Şehzade Bayezid'in sancağını terk ederek harekete geçmesi artık açık bir biçimde isyanını ortaya koyuyordu. Kanunî Sultan Süleyman, Mustafa hadisesinden duyduğu üzüntüden dolayı bu kez karışıklığın önünü alabilmek için uzun süre gayret göstermiş fakat başarılı olamamıştı. Belki de bir baba olarak en zor kararlarından birini alarak bir kez daha oğlu hakkında Şeyhülislam Ebussuud Efendi'ye müracaat etmek zorunda kaldı.

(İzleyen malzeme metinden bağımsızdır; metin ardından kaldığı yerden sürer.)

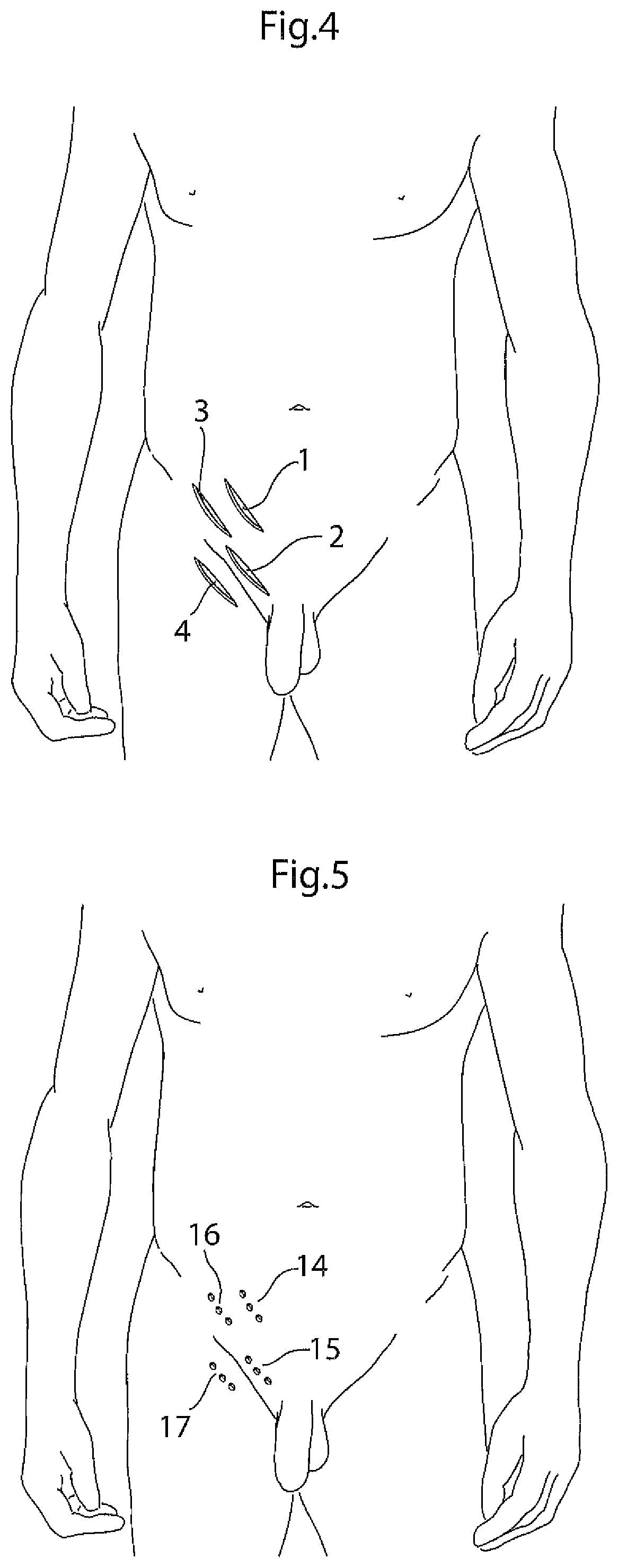 Patent US12396868 Figure 3 – Hip joint instrument and method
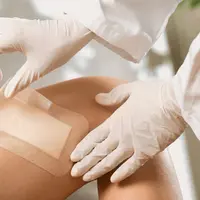 Jangan panik, ini cara mengobati luka terbuka dan memar! (Sumber: Medsupex)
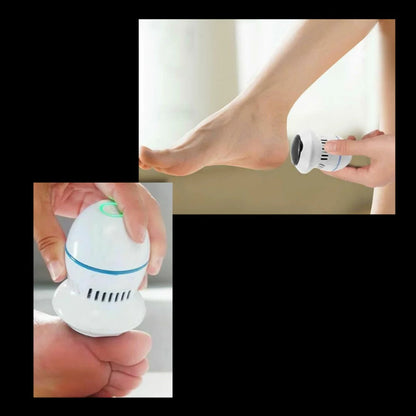 Easy Foot Callus Shaver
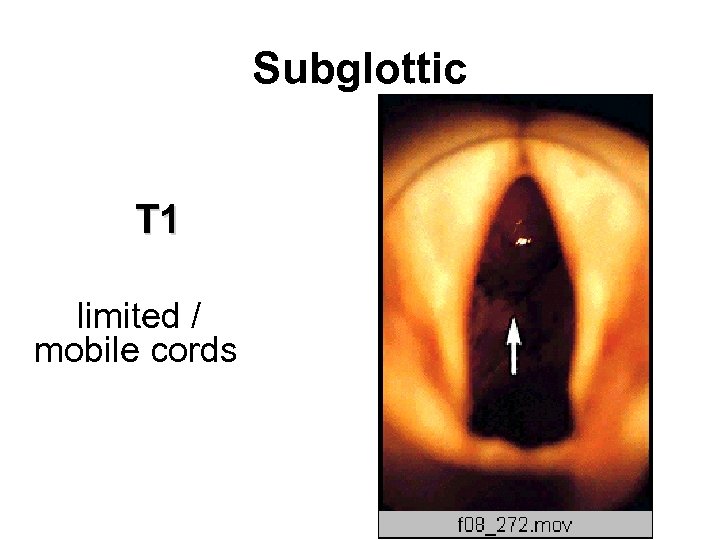 Subglottic T 1 limited / mobile cords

"Bir sultan-ı âdilin oğullarından biri, itaattan ayrılıp etrafına asker toplayıp, belde ve kaleleri almak üzere asker sevkedip kıtâle mübaşeret eyleseler ve asla nasihat dinlemeseler cemiyetleri dağı -tılıncaya kadar katilleri şer'an helal olur mu?" vâki suale Şeyhülislamdan gelen cevap şu şekilde idi:
"El-cevab: Helaldir. Nass-ı Kur'ân-ı Azîm ile sâbit olmuştur. Hükm-i şer'îdir ve icmâ-ı Sahabe-i Kiram dahi bunun üzerinedir. Kıtâle kâdir olanlar kıtâl ile aciz olanlar Kelam-ı Hak ile ve hayır dua ile def ü fitne vü fesada sa'y etmek vacipdir."